The Police Sign and Slanting Lines

I'm making good progress on the Tardis now.  Last night saw me outline the Police Box sign on the front top of the Tardis by stitching long stitches over my perle cotton with my floss.  Then I filled in the sign center with tent stitches using my perle cotton.  I will add the letters on top of this later.  I plan to alternate working out the roof of the Tardis with filling in the exterior walls.

After a lot of experimentation with various stitches that Tony Minieri recommended in his Needlepoint Now articles on stitching architectural elements, I decided that Interlocking Goblein (over three threads) works best to cover the black canvas and give me a smooth wall.  I have started this stitch on the right door piece and will work my way down the door while I figure out how to stitch the top of the Tardis.

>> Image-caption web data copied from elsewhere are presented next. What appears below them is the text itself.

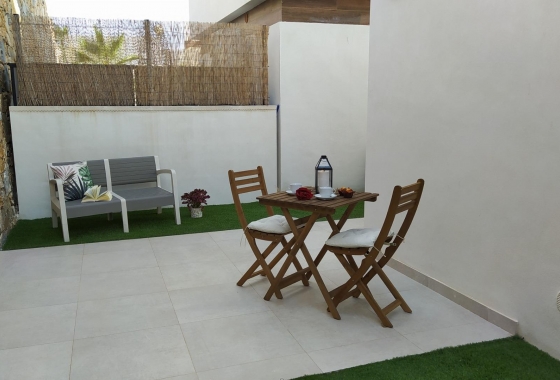 Nouvelle construction - Villa - Orihuela Costa - Pau 8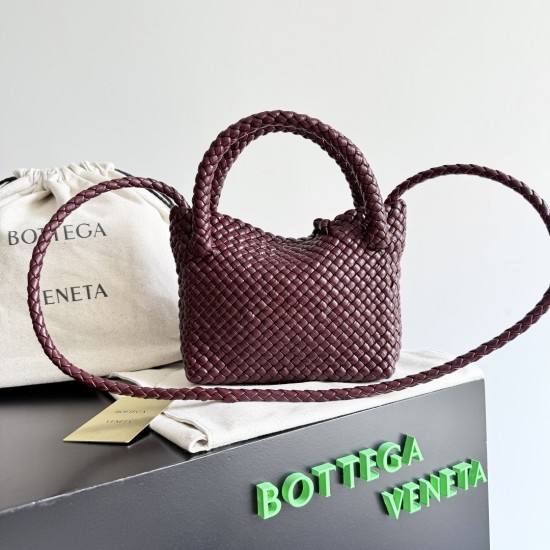 Bottega Veneta Small Tosca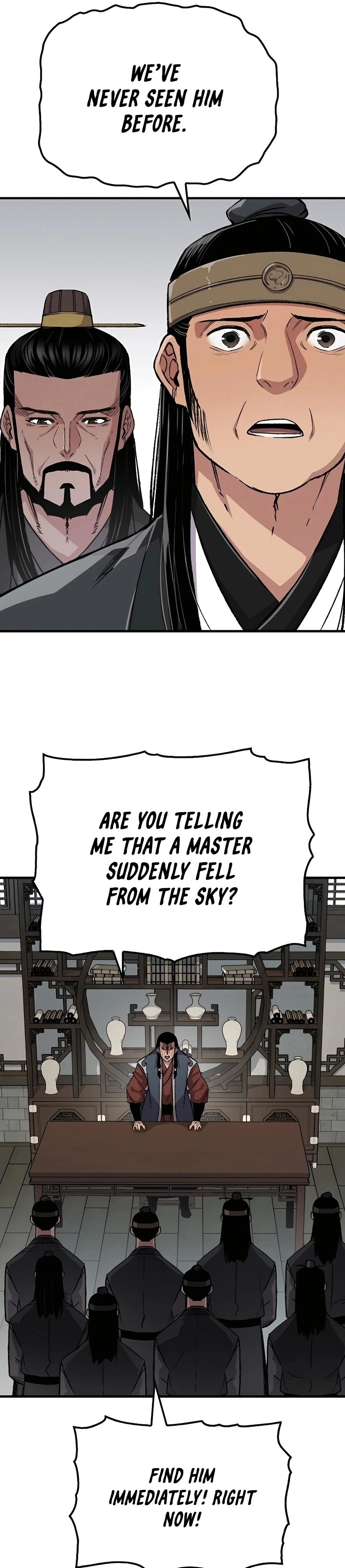 Reborn As The Heavenly Demon Chapter 68 page 44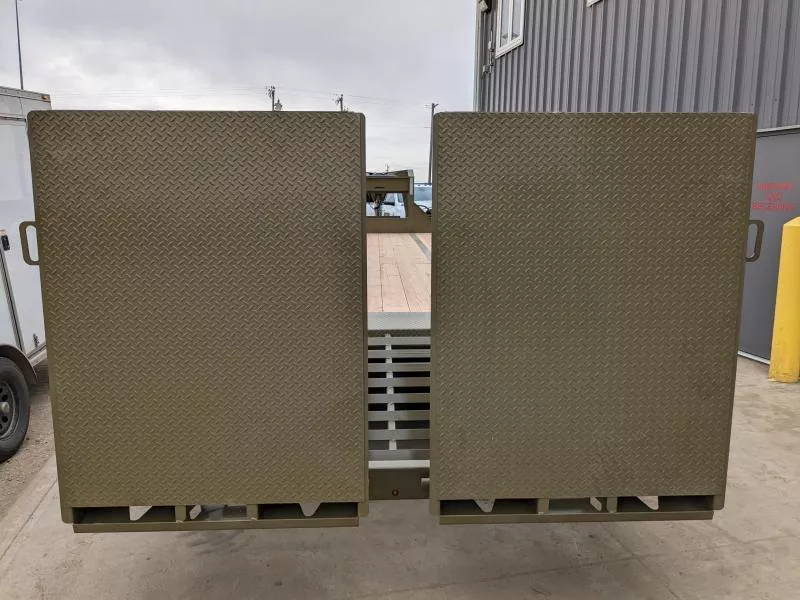 new Equipment / Flatbed Trailers Double A Trailers  for sale, in Edmonton, AB Thumbnail 13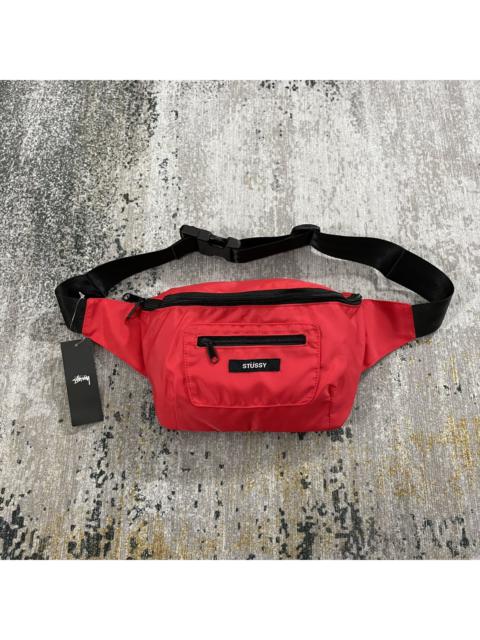 Stüssy Stussy Summer Fanny Pack - Red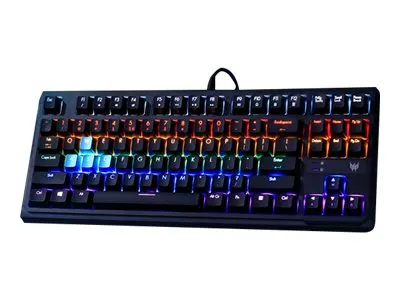 Acer Predator Aethon 301KB PKB010 TKL USB Standard black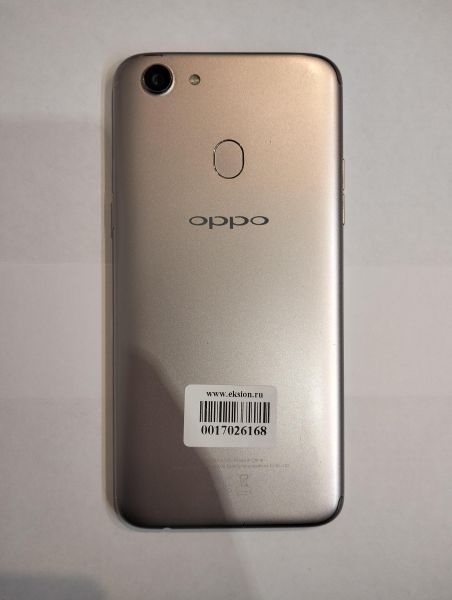 Купить OPPO F5 4/32GB (CPH1723) Duos в Екатеринбург за 2800 руб.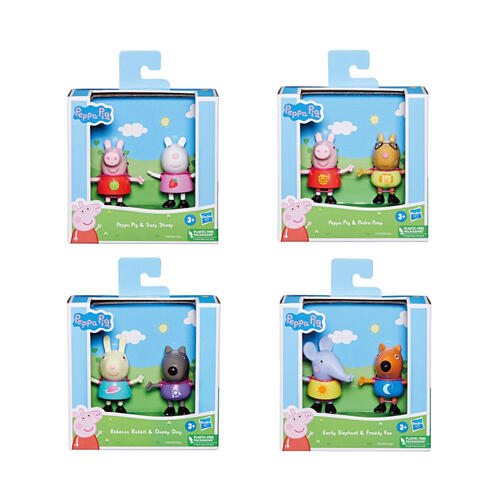 Peppa Pig Figure Wmt Excl Ast- Assorted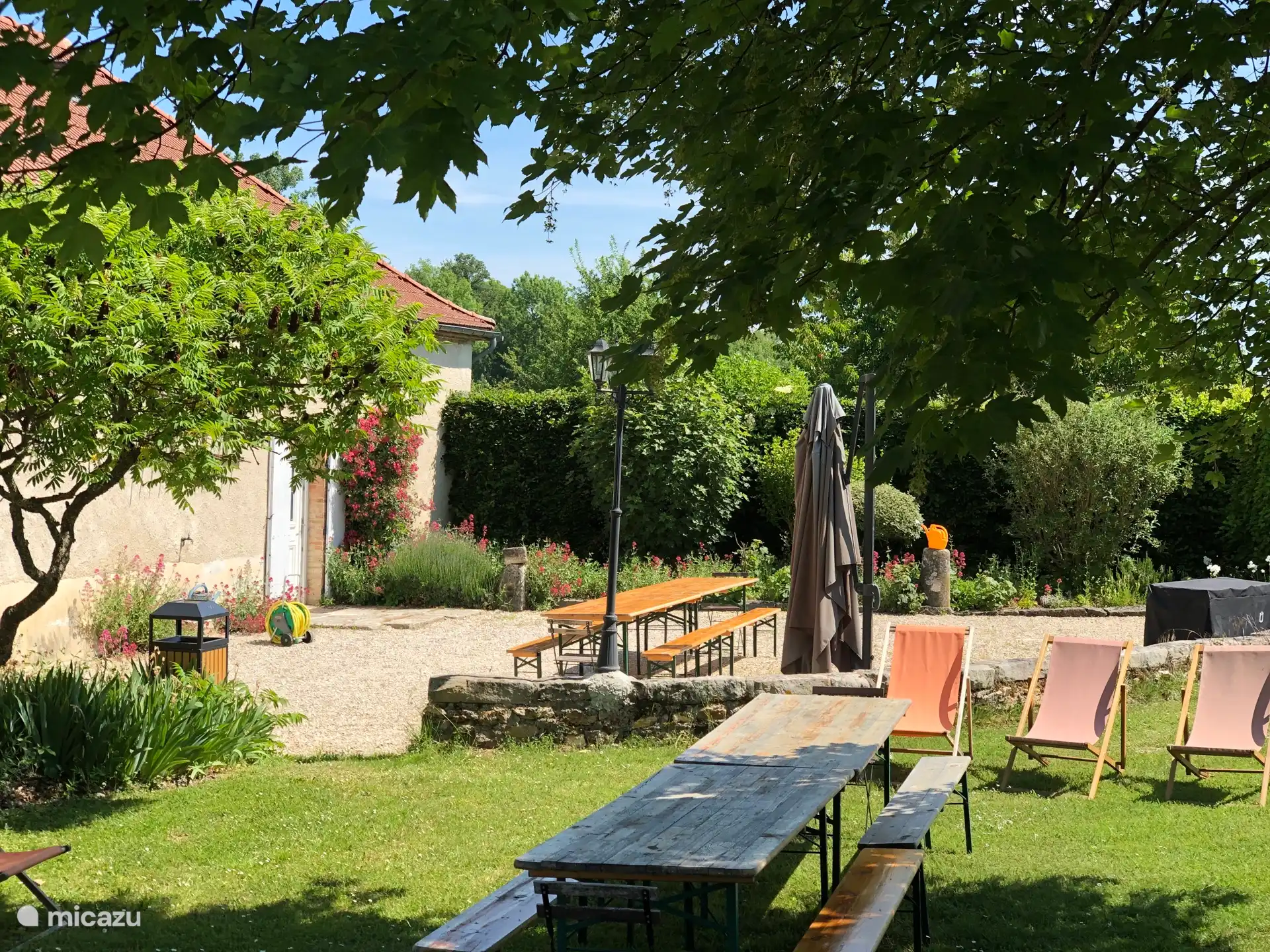 gîte / cottage huren in Frankrijk, Marne, Fontaine-sur-Ay – Huis voor 20 personen in Champagne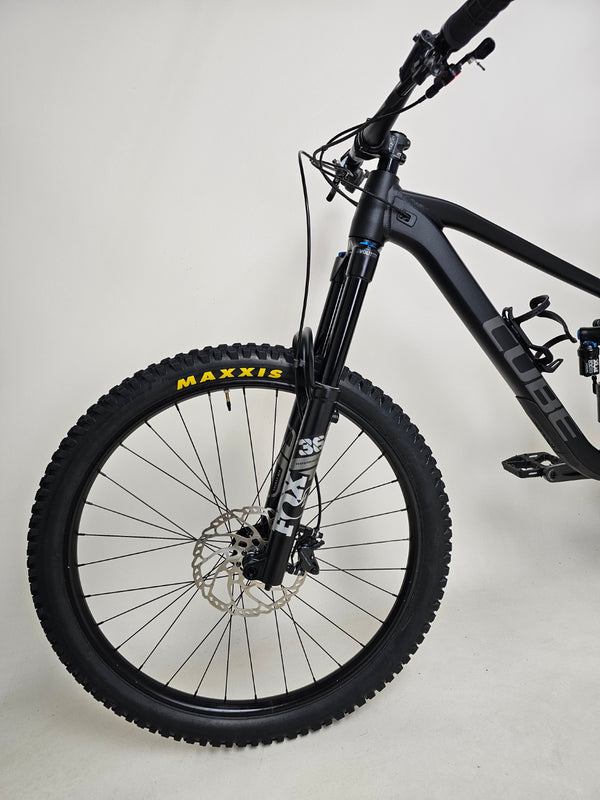 Cube Stereo 170 Pro 29 (Customised) 2022 / MEDIUM / FOX / RRP: £3,699.00 / Very Good Condition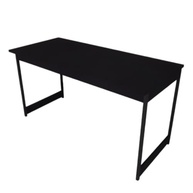 Mesa de Escritório Estilo Industrial 116cm - Design Moderno para Home Office - imagem 2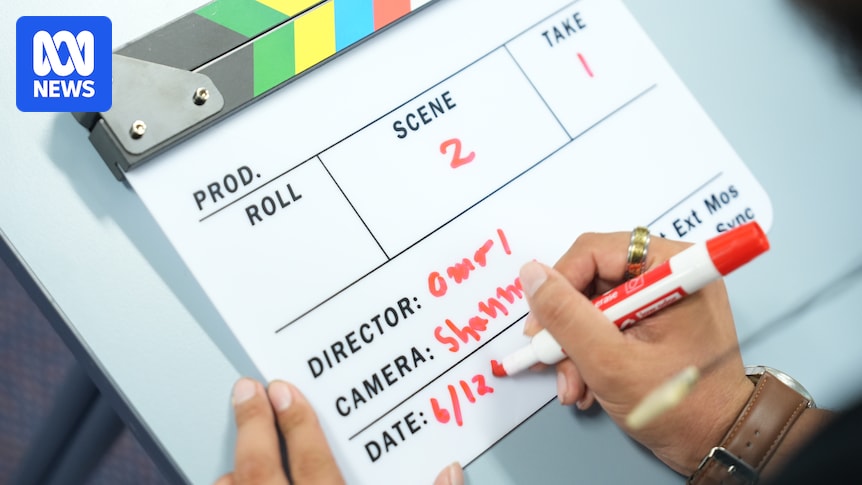 Darwin filmmaking program gives storytellers with disabilities a platform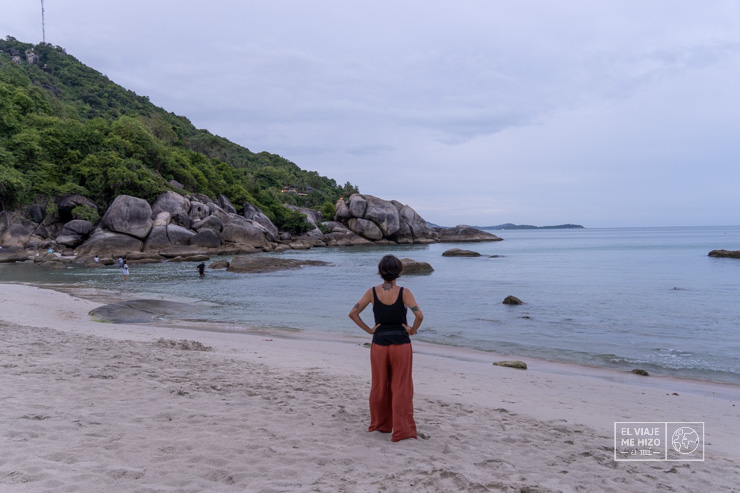 Silver Beach en Koh Samui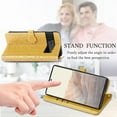 thumbnail image 3 of for Google Pixel 6 (6.4 Inch) Cartoon Cute Wallet Case,Cat Dog Style Flip Phone Cover with ID Card Holder PU Leather Cases for Google Pixel 6 MG Yellow, 3 of 15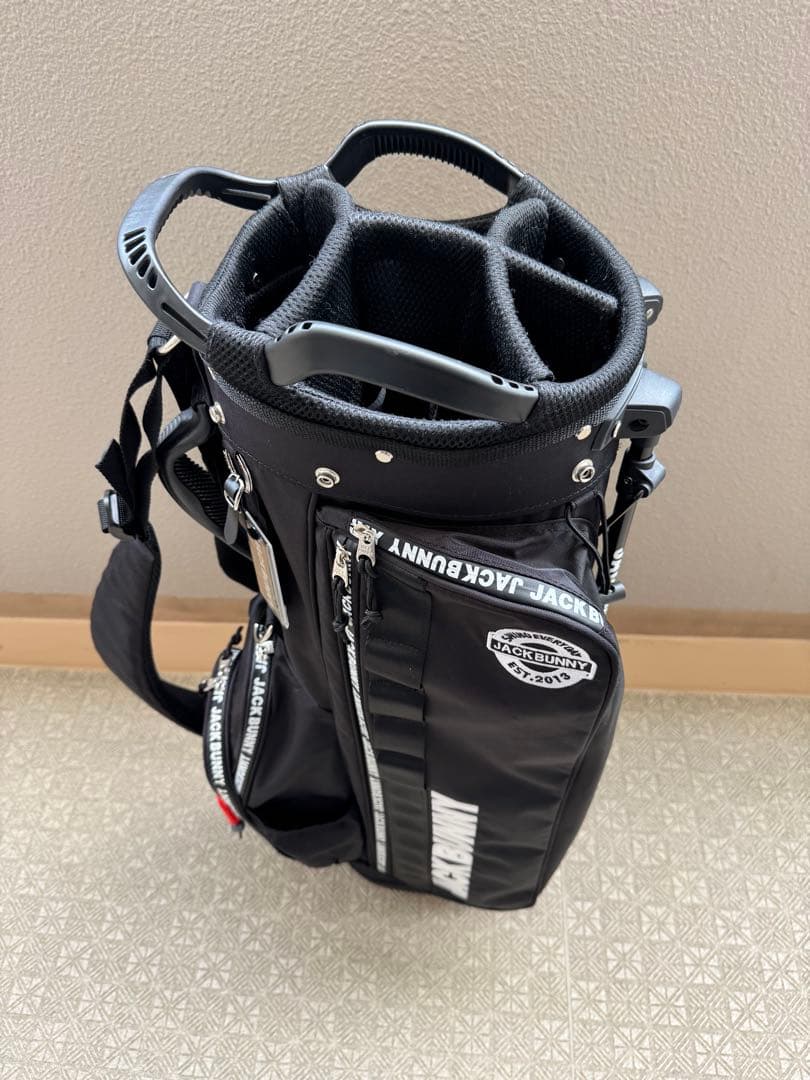 ジャックバニースタンドキャディバック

I want to point out two areas of the Tardis that are problems because I choose to work a three-quarters turned view of it instead of just a straight on view.  See how the police sign on the front has drops to the top periodically?  I can't do a slanted sign (which the correct perspective requires) in the stitch I've chosen that is smooth.  I have to drop down a thread periodically.

The other problem area is the base of the Tardis.  Again, I can't do a slanted padded line well because of the stitch I've chosen.

I could have avoided this by choosing a head-on view.  If this sort of thing bothers you, don't stitch your buildings or architectural elements any way except straight on.  Or choose another stitch that does slants better.  But really, all I need to do is convey the idea of a Tardis.  It doesn't have to be perfect and I know better how to do the next building more realistically after stitching this.

No problem is just an error--it is an opportunity to learn.